This is a post about a question from Cracking the Coding Interview. It’s boring, so probably go watch Stranger Things instead.
“Given a list of millions of words, design an algorithm to create the largest possible rectangle of letters such that every row forms a word (reading left to right) and every column forms a word (reading top to bottom). The words need not be chosen consecutively from the list, but all rows must be the same length and all columns must be the same height.”
Example:
spears
planet
easily
animal
relate
styles
Occasionally I’ll try a practice problem like this on a whiteboard. Usually I learn something cool or at least feel a little less like I’m going to curl up into a ball the next time I have a programming interview, but this one got super weird and interesting.
Try to come up with one of these rectangles with just the words you know, it’s like a crossword puzzle with no clues or boxes and it’s horrible. I muddled along though, and with just a couple hints from the book, I came up with something, question mark? Let’s go through it.
When you’re building up a rectangle row by row, you tend to get stuck pretty quickly with something like
noticable
potential
classroom
because npc
isn’t the start of any word I can think of. If the words are stored
in something called a prefix tree (these are also called Tries but I don’t know
how to say that and it isn’t very descriptive), you can easily check this for
any partial rectangle you’ve built up, and cry because basically nothing works.

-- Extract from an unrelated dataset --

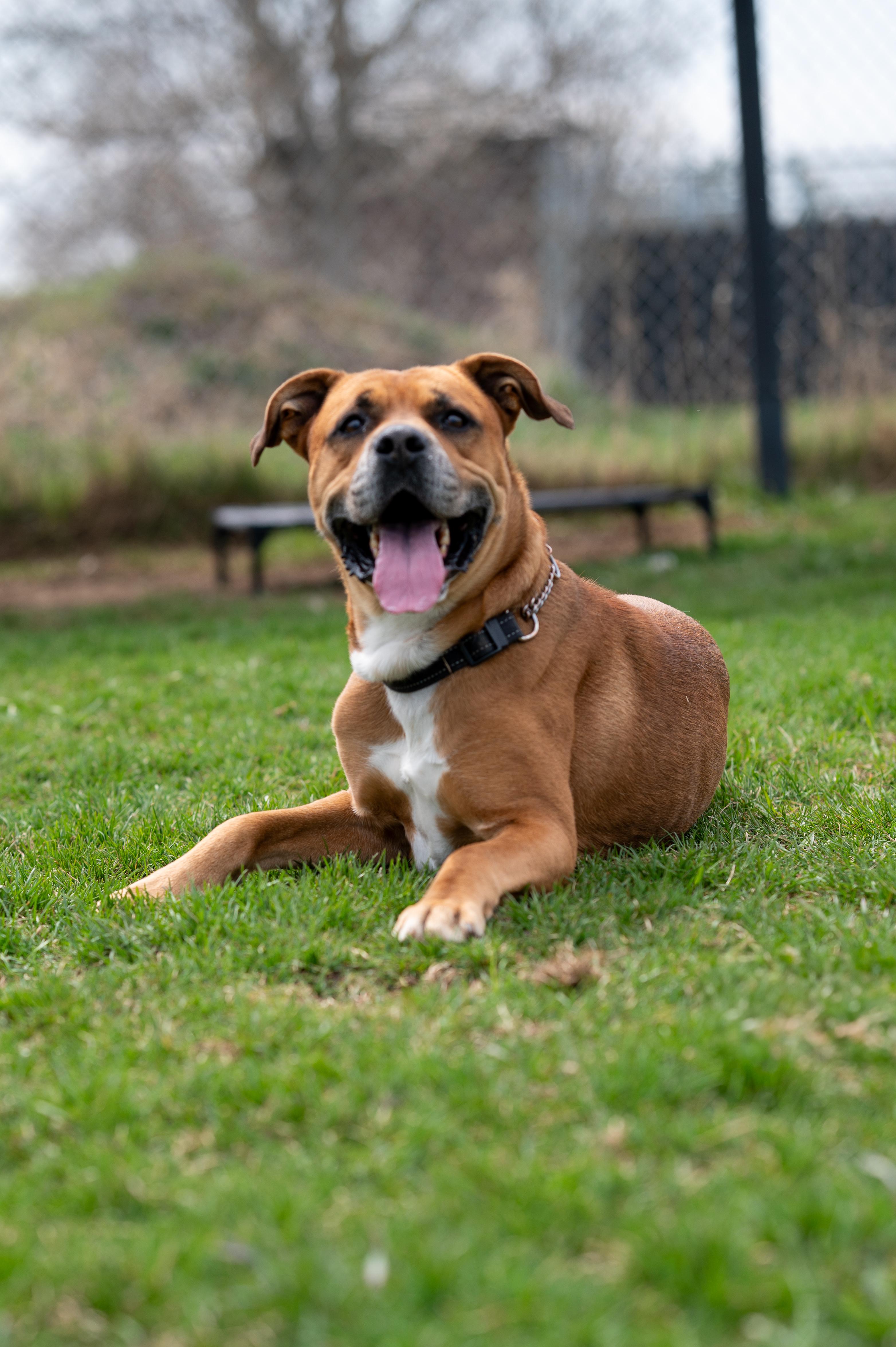 Buster, Adult Male unknown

But if you’re a computer, you wouldn’t cry because that’s
ridiculous, and because it means you
don’t have to try quite so many rectangles, and you can move on to rectangles
that still have potential.
So, let’s just assume we knew all about prefix trees and we just have some object that tells us if something is a prefix for a word in the list.
tree.isPrefix('spe')
True
tree.isPrefix('npc')
False
Now, instead of doing a search on all possible 10 x 10 word rectangles (conservatively, if you had 10 10-letter words in your language that’s already ten billion rectangles), we can “prune off” some of the rectangles before they’re even fully formed, and go right from
spears
planet
planet # spp? I don't think so
to
spears
planet
easily
skipping right past
spears
planet
planet
planet # a person would have stopped trying by now
After this, it’s basically brute force. I took the book’s advice and tried areas in decreasing order until finding a size that was possible, so the main loop does that and calls a function sort of like this at each step (I changed a few things to make it clearer what’s going on):
def makeRectangle(length, width, words, rect):
if rect.width == width:
if isFullRect(rect):
return rect
else:
return None
for word in words:
rect.addWord(word)
if not isPartialRect(rect):
# Prune this one! Don't try any of its descendants.
rect.removeWord()
continue
else:
fullRect = makeRectangle(length, width, words, rect)
if fullRect:
# The recursive call got it!
return fullRect
# Or it didn't, and we remove the failed word to try the next one.
rect.removeWord()
# If all those fail, it's impossible.
return None
You might recognize this as a depth-first search - it goes deep and tries everything it can with a given first word before trying with the next first word.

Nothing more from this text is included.